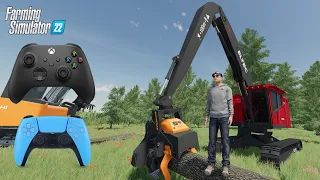 How to use FDR Logging with a Controller | Setup in FS22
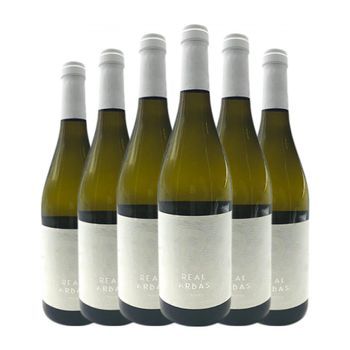 Vile Vino Blanco Real Arbás Vino Joven 75 Cl 10% Vol. (pack De 6 Unidades)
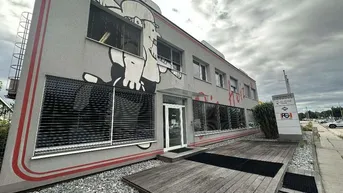 Expose MODERNES BÜRO St. Pölten-Süd-Nähe Autobahn - Pauschalmiete inkl. Strom und Heizung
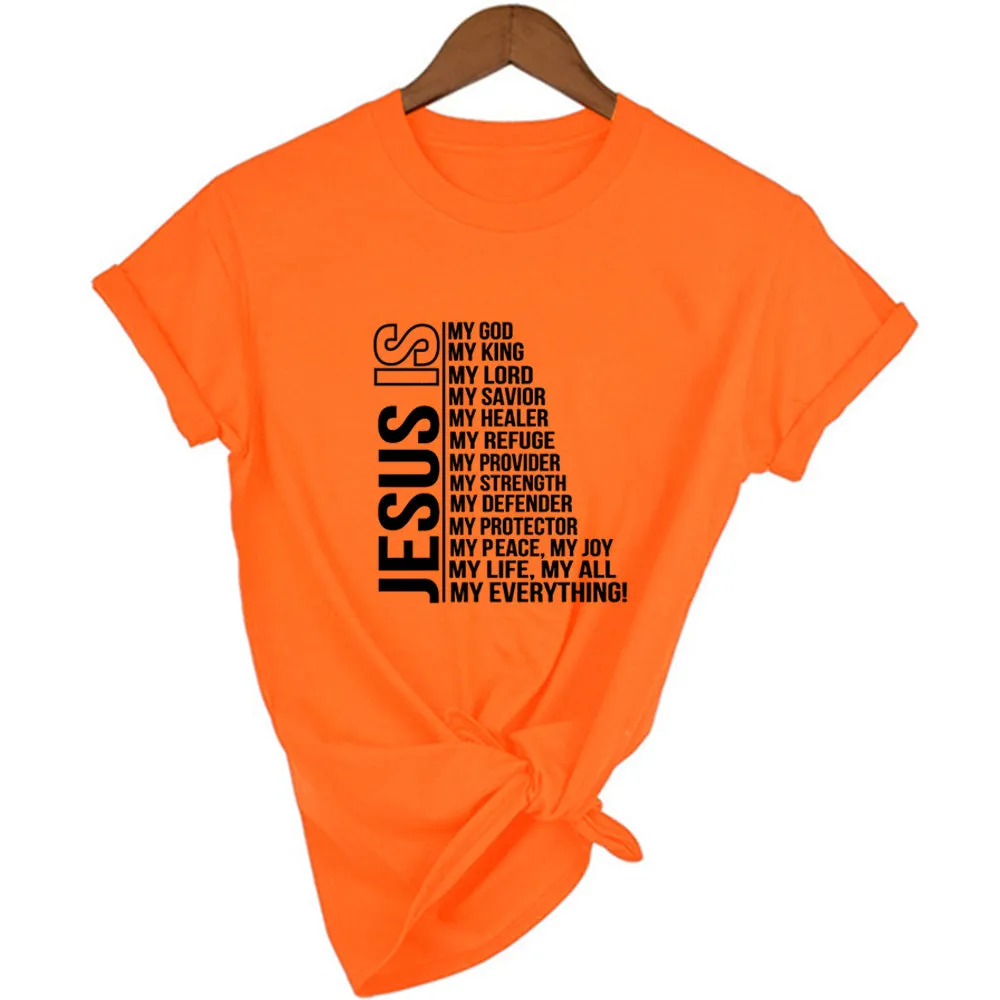 Jesus Is - T Shirt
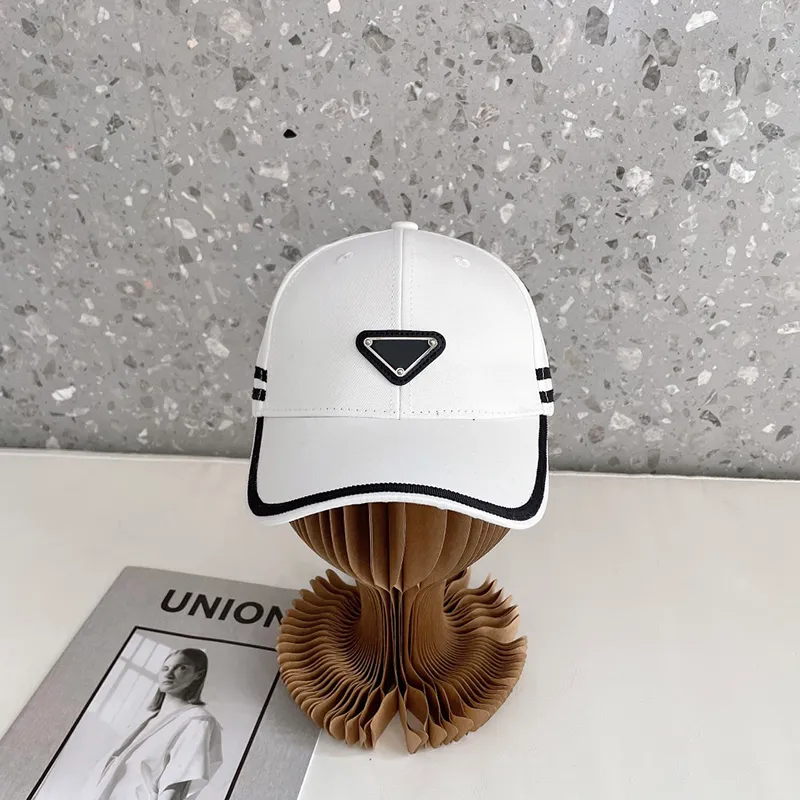 Moda Estate Uomo Berretti da baseball di lusso Berretti con visiera Designer da donna Cappelli a secchiello Visiere Cappello da sole Donna Marca P Deckel Casquette 2304253BF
++++++
Before you return the listing exactly, strip out its pictures.

 How to use FDR Logging with a Controller | Setup in FS22
 Vile Vino Blanco Real Arbás Vino Joven 75 Cl 10% Vol. (pack De 6 Unidades)
 Expose MODERNES BÜRO St. Pölten-Süd-Nähe Autobahn - Pauschalmiete inkl. Strom und Heizung
 Jesus Is - T Shirt
 Moda Estate Uomo Berretti da baseball di lusso Berretti con visiera Designer da donna Cappelli a secchiello Visiere Cappello da sole Donna Marca P Deckel Casquette 2304253BF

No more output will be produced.